Joshua vs Usyk soruşturması. 25 Eylül 2021’de Anthony Joshua, gerçek bir boks ustasıyla yüzleşmek için ringe adım attı… ve kaybetti. Bunda utanılacak bir şey yok ve birçokları için sonuç büyük bir sürpriz olmadı. Ama bu konunun soruşturulmaması gerektiği anlamına gelmiyor.
Joshua’nın taktiği yanlış mıydı? Joshua gecesinde değil miydi? Usyk çok mu iyiydi? Bir rövanş gerçekten olmalı mıdır?
Öncelikle Oleksandr Usyk ile başlayalım
Usyk de tıpkı diğer Rus ve Ukrayna kökenli boksörlerin yetiştiği okullarda, boksu bir dans olarak benimsemiş dövüşçülerdedir. Usyk’in tarzı, yumruk atarken olduğu kadar, adımlara ve ritme de önem veren bir tarzdır. Usyk’in bu tarzı, gelmiş geçmiş en iyi uygulayanlardan biri olduğunu söylemek, çok da abartılacak bir durum olmaz. Ancak Joshua, olağanüstü boyutlarıyla yine de her zaman gerçek bir sorun teşkil edebilir.
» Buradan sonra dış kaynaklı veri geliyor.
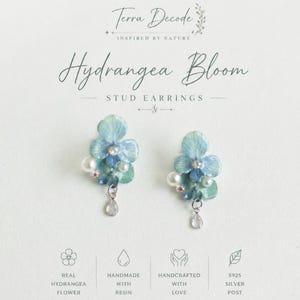 Könnte beinhalten: Ein Paar Ohrstecker mit einem Design aus blauen Hortensienblüten. Die Ohrringe haben Perlen- und Kristallakzente sowie einen tropfenförmigen Anhänger. Der Text auf dem Bild lautet "Hydrangea Bloom" und "Stud Earrings".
Elbette sorun olabilecek tek şey güç ve dayanıklılık değildi; asıl tehlike menzil ve atletizmdi. Bu, Usyk’in dansına fazladan bir adım eklemesi ve daha geniş bir daire içinde hareket etmesi gerektiği anlamına geliyordu… ve Usyk de aynen öyle yaptı.
Bu fikir mükemmel bir şekilde işledi ve Usyk net ve tartışmasız kazanan olarak çıktı. Fakat Joshua veya ekibi bu sonucu değiştirebilir miydi?
Joshua’nın ve ekibinin bakış açısında ilk dikkat çeken şey, Usyk’in kendisinden beklenen dövüş tarzının, çok daha iyi versiyonu ile mücadele ettiğidir. Çok az sürprizler oldu, ancak AJ’in, cevapları olmadığı gibi, ekibinin de, hiçbir sorgulaması olmadı. Bu aslında başlı başına araştırma gerektiren bir konudur.
Joshua vs Usyk soruşturması
Anthony Joshua’nın idman kampında en deneyimli, bilgili ve en yüksek ücretle çalışan profesyoneller olduğunu düşünebiliriz. Ancak bunlardan hiçbiri oldukça bariz ve basit bir soruna bir çözüm bulamamış;
Usyk tarafından yaratılan sorunlara karşı, Joshua gerekli olan açıları yaratmak için nasıl ekstra adımlar atmalıdır? Bu sorunun en bariz çözümü ve cevabı çok basittir. ‘Çift adım atmak’!
‘Çift adım atma’ terimi anlamayanlar için belki de kulağa hoş gelmeyebilir. ‘Çift adım atma’ Bu, yalnızca ön ayağın hareket ettiği yarım adımdır, ardından kendinizi ileri ve rakibinizin alanına itmek için arka ayağınızı kullandığınız tam adımdır.
Joshua bu taktiği kullansaydı, şüphesiz Usyk’e daha fazla sorun çıkarırdı ve eminim ki Usyk, B, C, D ve E planlarının hepsinde, aksiyona hazır olduğunu iddia ederdi. Fakat en azından, Usyk’in böyle bir durumda neler yapabileceğini görmek oldukça heyecanlı olurdu.
Sonuç olarak, AJ’den sorumluluklarından vazgeçmesini istemeyiz. Çünkü dövüşen AJ oldu, kazanana ve kaybedene sebep olan da, kendisi oldu. Usyk, bu süreçte gurur duyulacak bir rekor kırdı
Fakat gerçek şu ki Joshua oyuna geç geldi. Her zaman etrafındaki ekibe çok güvenmek zorunda kaldı. Ancak çaresiz durumlarda çözümlere ihtiyaç duyduğunda, çoğu zaman gerekli olan cevapları bulamıyor ve daha da önemlisi, bu cevapları bulmak için kendisi zaten herhangi bir özel eğitim de almadı.
Joshua’nın ekibinin kesinlikle dönüp aynaya bakması gerekiyor. Ama rövanşı yapmaları gerekir mi?
Kesinlikle çok kısa sürede telafi edilecek çok şey var, ancak hepsi bir adıma iniyor, AJ ve ekibi bu adımın ne olduğunu çözerse, o zaman hala bu kaybın intikamını alabileceği umudu az da olsa olabilir. Ancak, ağırsıklet sahnesinin kendisini geride bırakmasını istemiyorsa, vitesi hızlı bir şekilde değiştirmelidir.